------ Input ------
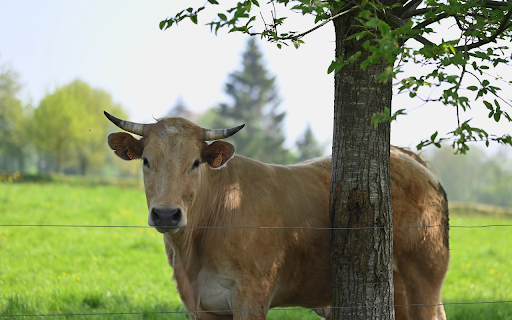 Cow Standing Under a Tree  from Chrome web store to be run with OffiDocs Chromium online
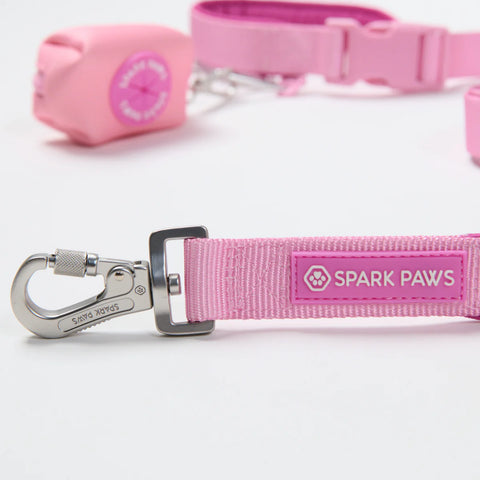 Multipurpose Seatbelt Handsfree Leash & Poop Bag Holder Set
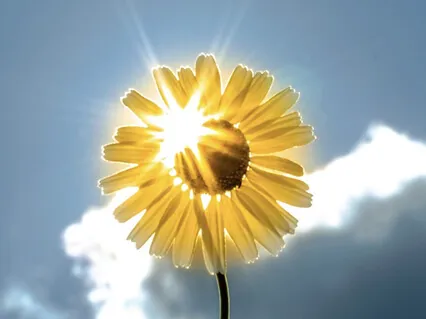 JOY - Love, Gratitude, Abundance 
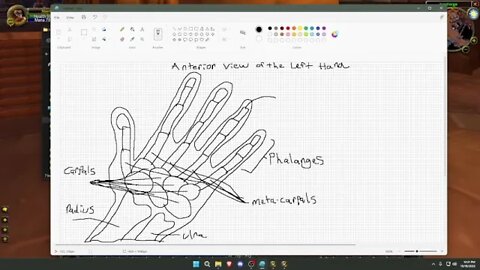 Session 3: Metagame (Paint, Typing, Aim Training) - Part 4 -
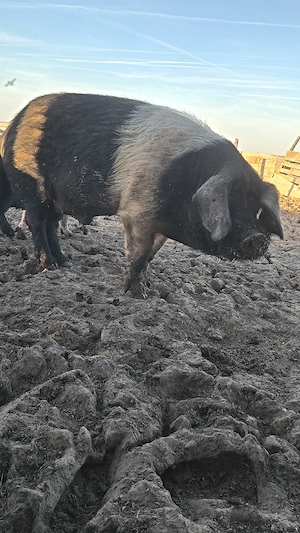 Vier bazna castrat - imagine 2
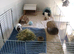 Needing to rehome YOUR guinea pigs?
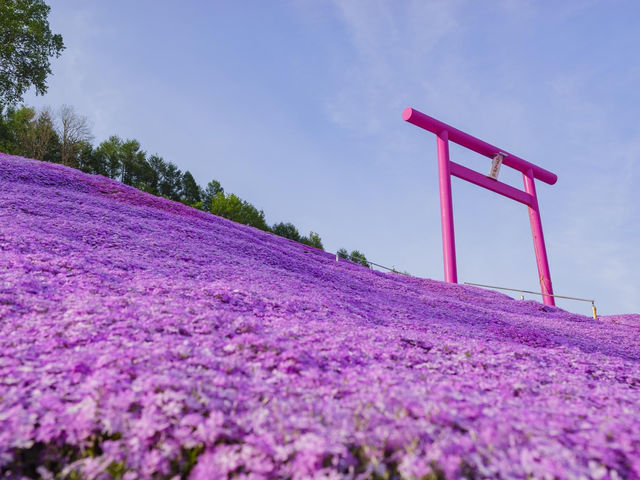 北海道東藻琴芝櫻公園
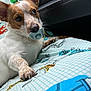 Doughboy is registered to the contest to win money with this photo: animal, blanket, brown_fur, car_interior, close_up, cute, dog, ears, fur, indoors, nose, pacifier, patterned_blanket, paw, pet, playful, puppy, resting, small_dog, white_fur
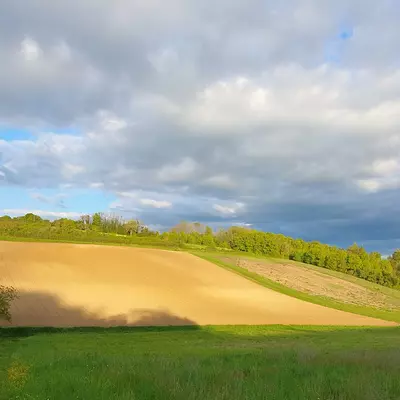 Balade à Bussy en Othe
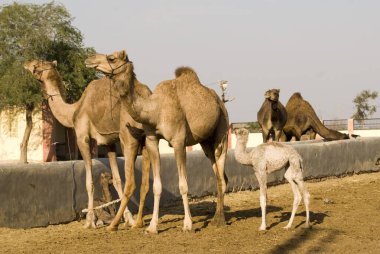 Camel Araştırma Merkezi 'nde develer ve buzağı, Bikaner, Rajasthan, Hindistan 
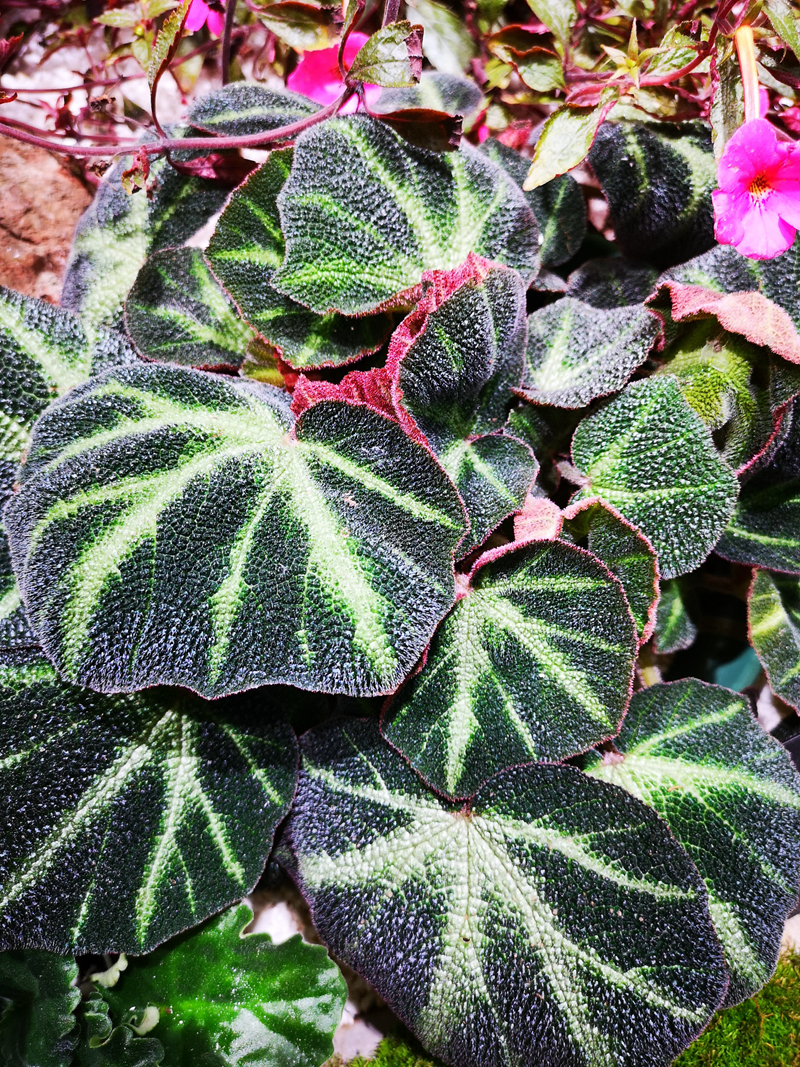 巴西变色秋海棠Begonia soli-mutata.jpg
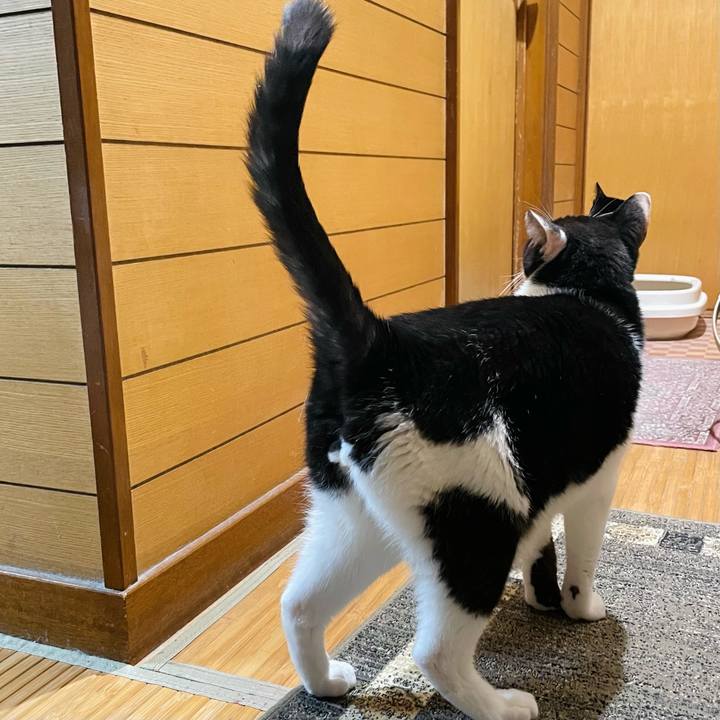 Edc178b2 7953 4f26 99d9 f40dfd48a4b2 1633918663947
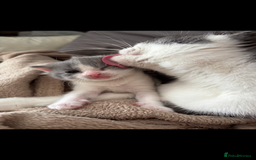 Scottish Fold cats for sale: Kittens for sale - Image 3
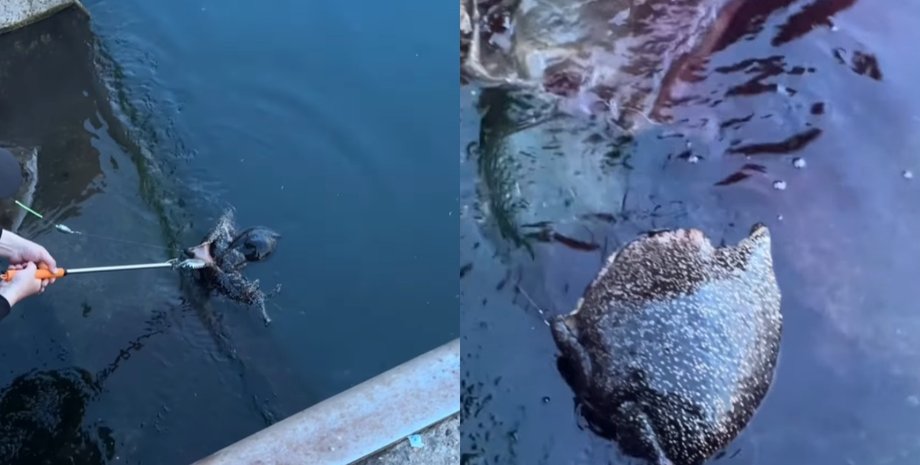 Женщина во время рыбалки поймала необычное существо, которое поразило людей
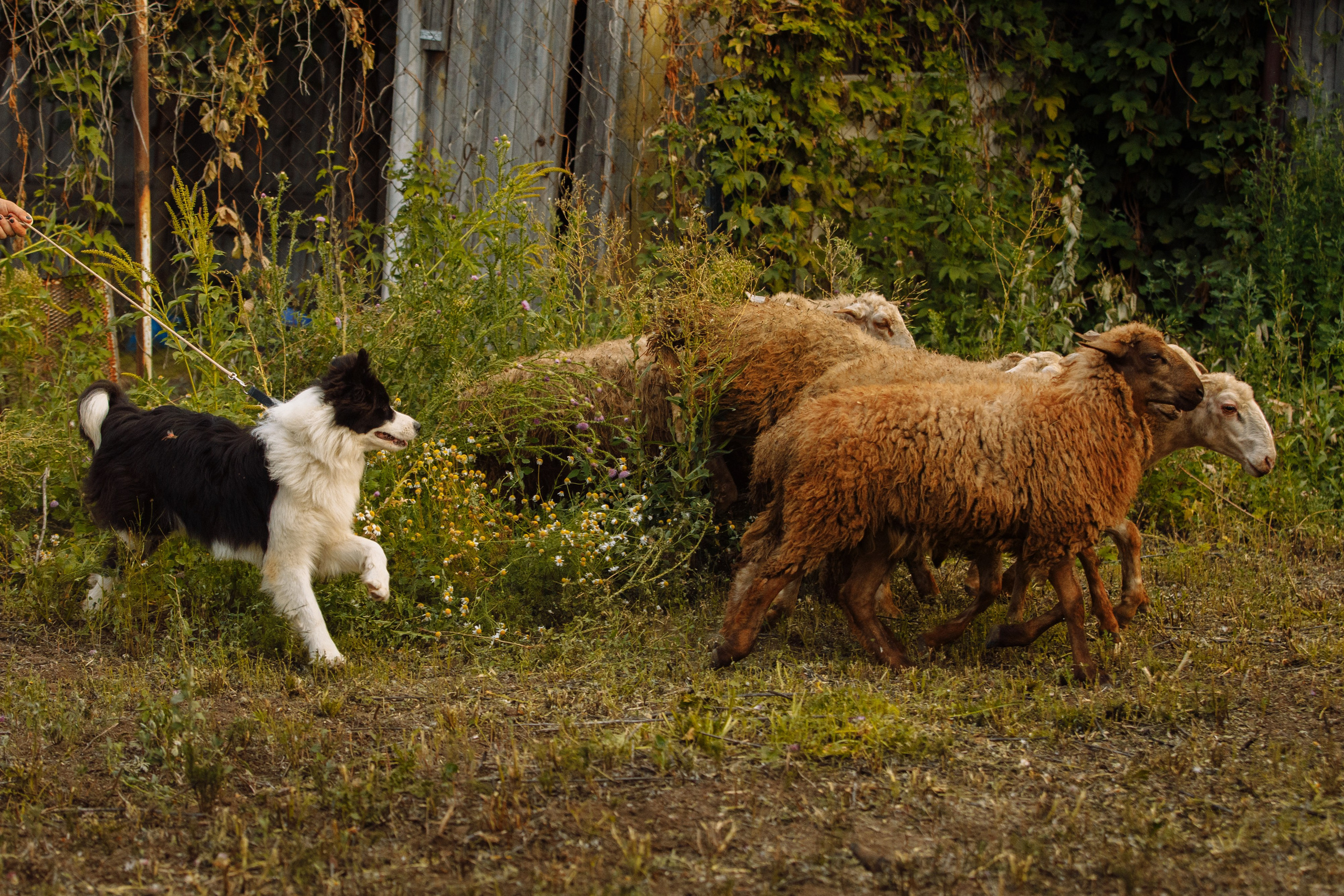 Овечий день. О нас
------
◆ Activity ◆
Excluding images, output exactly the lines from the one that holds "Edc178b2 7953 4f26" through the final line of the material, both ends included.

◆ Expected answer ◆
 Edc178b2 7953 4f26 99d9 f40dfd48a4b2 1633918663947
 Scottish Fold cats for sale: Kittens for sale - Image 3
 Женщина во время рыбалки поймала необычное существо, которое поразило людей
 Овечий день. О нас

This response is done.